Doubting Bill Clinton’s ‘New Life’ for Democrats
In a New York Times op-ed (5/21/16), Pittsburgh Post-Gazette executive editor David Shribman wrote that Bill’s Clinton’s “effort to pull the Democratic Party—which had lost five of the six presidential elections between 1968 and 1988— back into political relevance,” left many liberals feeling “bruised, even betrayed,” by his pro-corporate policies—“but no one doubted that he had given new life to the party when he left office in 2001.”
Actually, plenty of people have doubted this (e.g., Jeff Cohen, LA Times, 4/9/00)—and for good reason, since Clinton left Democrats in a much worse political state than when he was elected. To take just one measure: Bill Clinton came into office with 258 Democratic House members, which was at the time a fairly typical number. The Democrats had controlled the House every Congress but two since 1931; even when the Republican presidential candidate won in landslides in 1972 and 1984, the GOP didn’t manage to win more than 192 House seats.
Then came Clinton’s “triangulation”—shifting toward Republican positions—which, as Shribman writes, allowed Clinton to pass “major parts of his agenda, from a trade deal with Mexico and Canada to welfare reform to a crime bill.” The NAFTA trade pact in particular alienated labor unions, a key part of the Democratic coalition. This led directly to the 1994 midterm massacre, in which the Democrats lost 52 seats and control of the House; since then, the Democrats have only led the House twice, with Republicans mostly having 220 seats or more.
The Glass Is Full of Half-Truths
“When Did Optimism Become Uncool?” wonders a New York Times Sunday Review piece (5/12/16) by Gregg Easterbrook. “The country is, on the whole, in the best shape it’s ever been in,” Easterbrook writes. “So what explains all the bad vibes?”

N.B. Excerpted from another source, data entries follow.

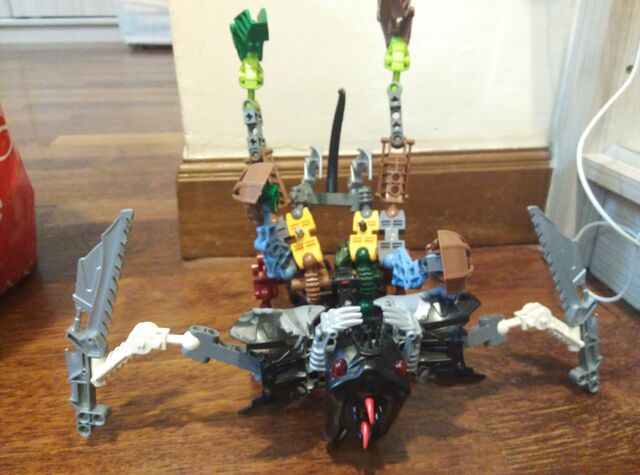 File:Crazy5.jpg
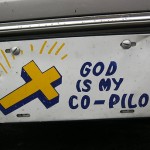 Co-pilot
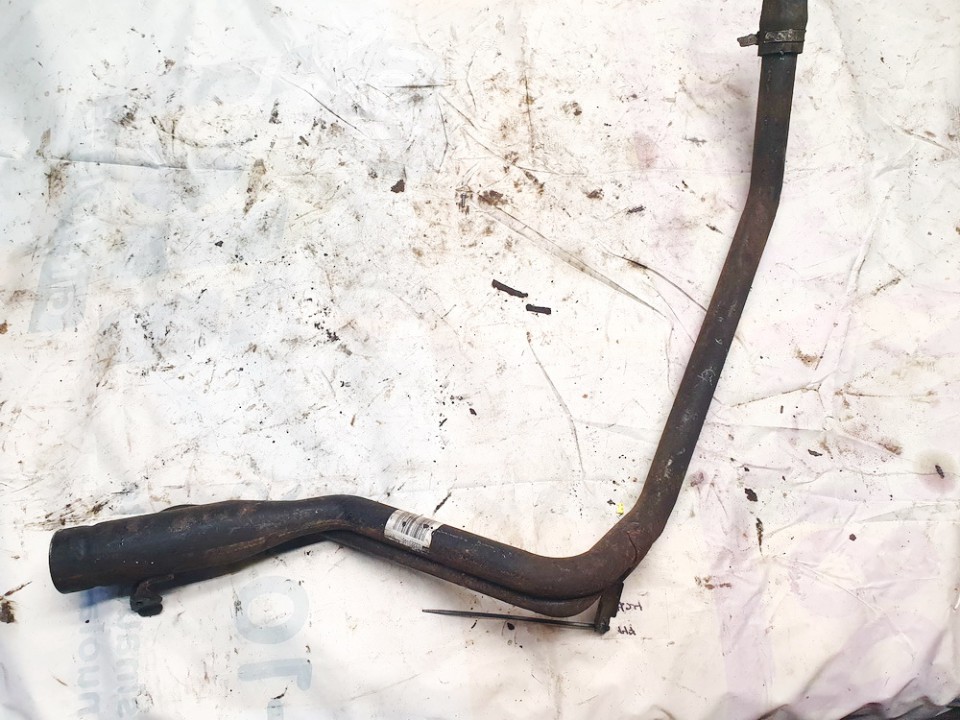fuel filler neck used used Opel INSIGNIA 2010 2.0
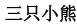 img334.png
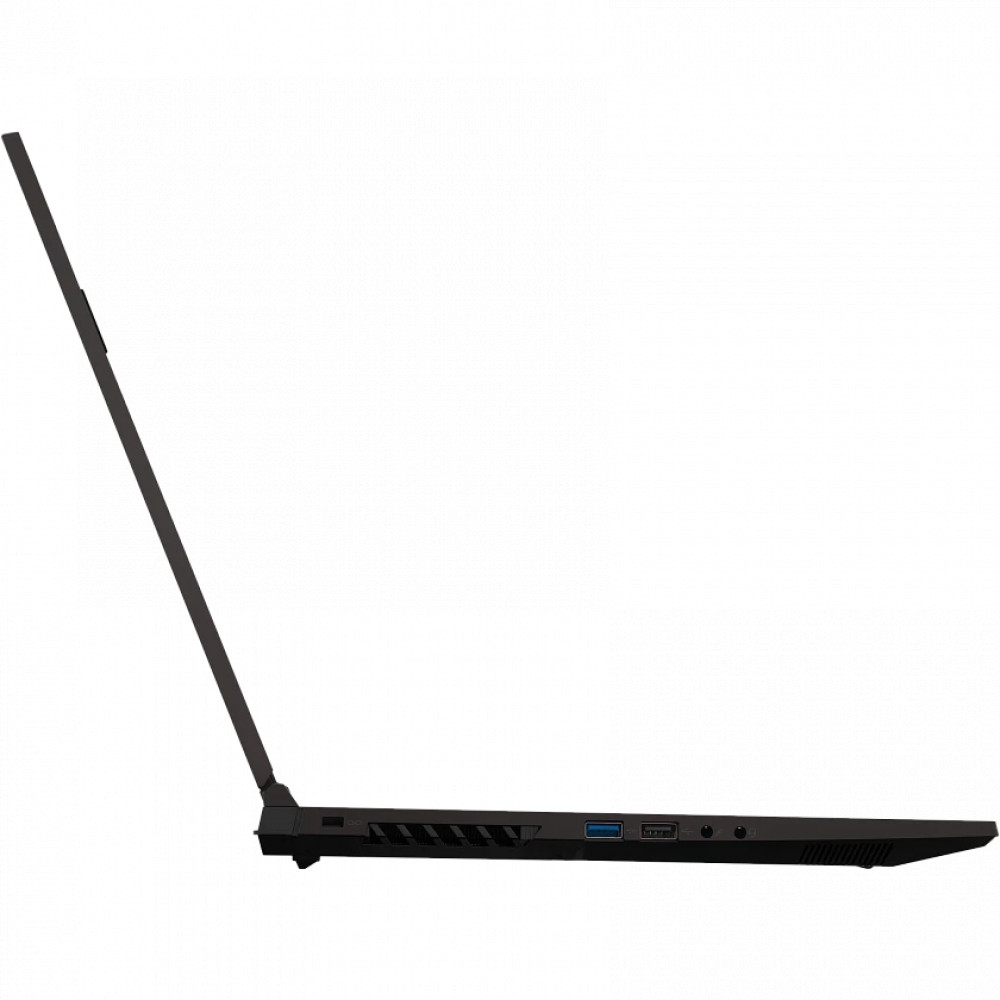 Ноутбук OSIO CyberLine C160i C160I-003 16 ", WUXGA 1920x1200 (16:10), Intel, Core i5, 16 Гб, 512 ГБ, NVIDIA GeForce RTX 4060 - миниатюра 8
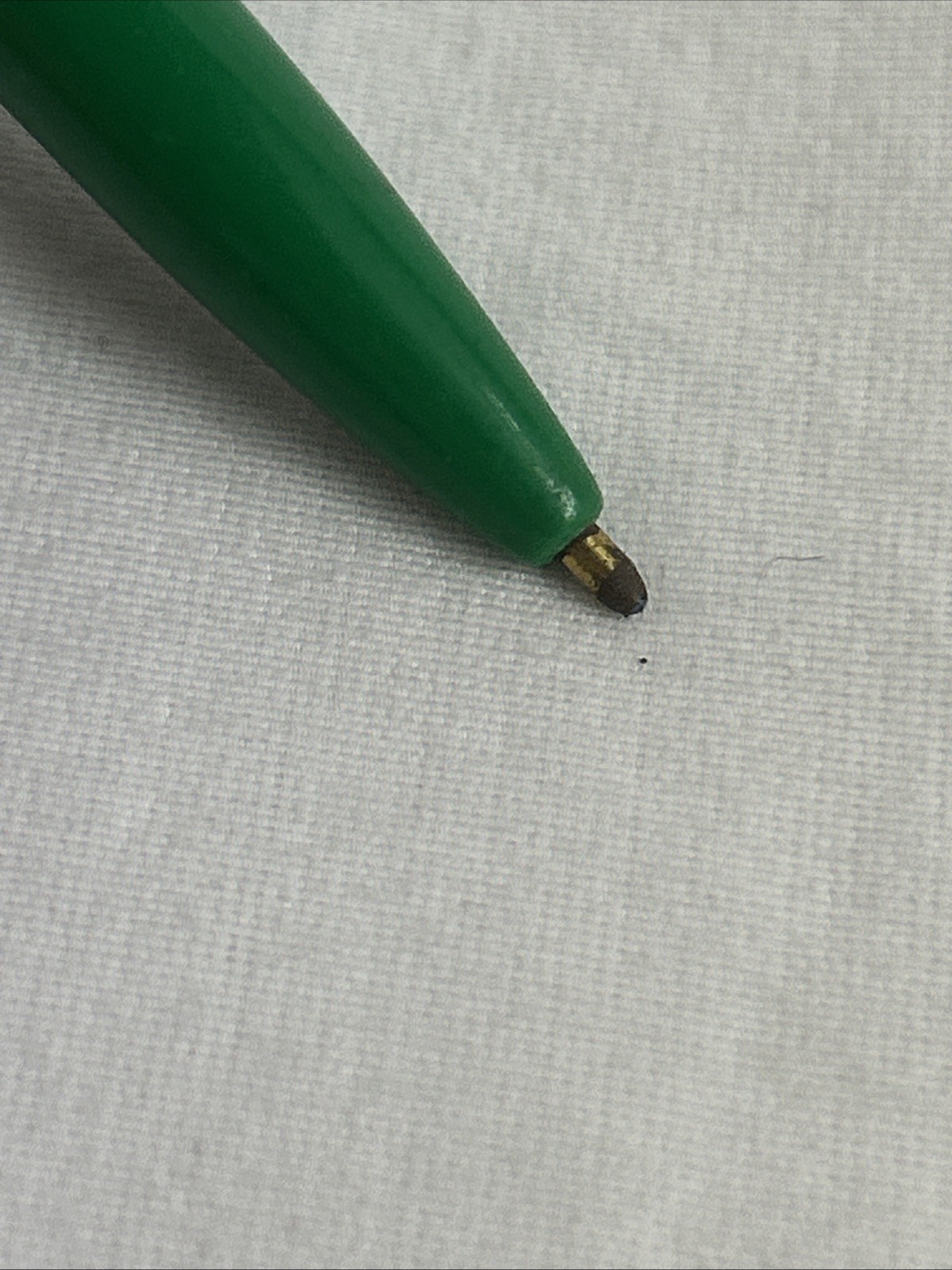 Kelly’s Place Webster City Iowa Vintage Pen Jimmy Dean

It would be easier to be optimistic if the case for optimism didn’t involve so much manipulation and misrepresentation (FAIR.org, 5/13/16). For example, Easterbrook writes that “unemployment [is] now below where it was for most of the 1990s, a period some extol as the ‘good old days.’” Actually, in the ‘90s, labor force participation—the broadest measure of employment—was 3 to 4 percentage points higher than it is today.
“The American economy is No. 1 by a huge margin,” Easterbrook boasts. But if you adjust for purchasing power—which you should when comparing living standards—the largest economy in the world is China’s, by more than a trillion dollars.
Cable’s Guests on Abortion Mostly Anti-Choice—and Male
Rachel Larris and Sharon Kann (Media Matters, 6/1/16) surveyed 14 months of evening cable news on Fox News, CNN and MSNBC. They found a discussion that’s, first of all, dominated by the part of the population that doesn’t have abortions—62 percent of those talking in segments on the topic were men. Out of 370 guests in the study period, only one was an advocate for reproductive rights for women of color, who face disproportionate restrictions.
On the three networks overall, guests opposing abortion rights outnumbered pro-choice guests about 2-to-1. This was due not only to a preponderance of anti-choice guests on Fox News, where they outnumbered pro-choice guests more than 5-to-1, but on CNN as well, where the ratio was more like 2 1⁄2-to-1. Only on MSNBC did pro-choice guests outnumber anti-choice guests, by about 4-to-1.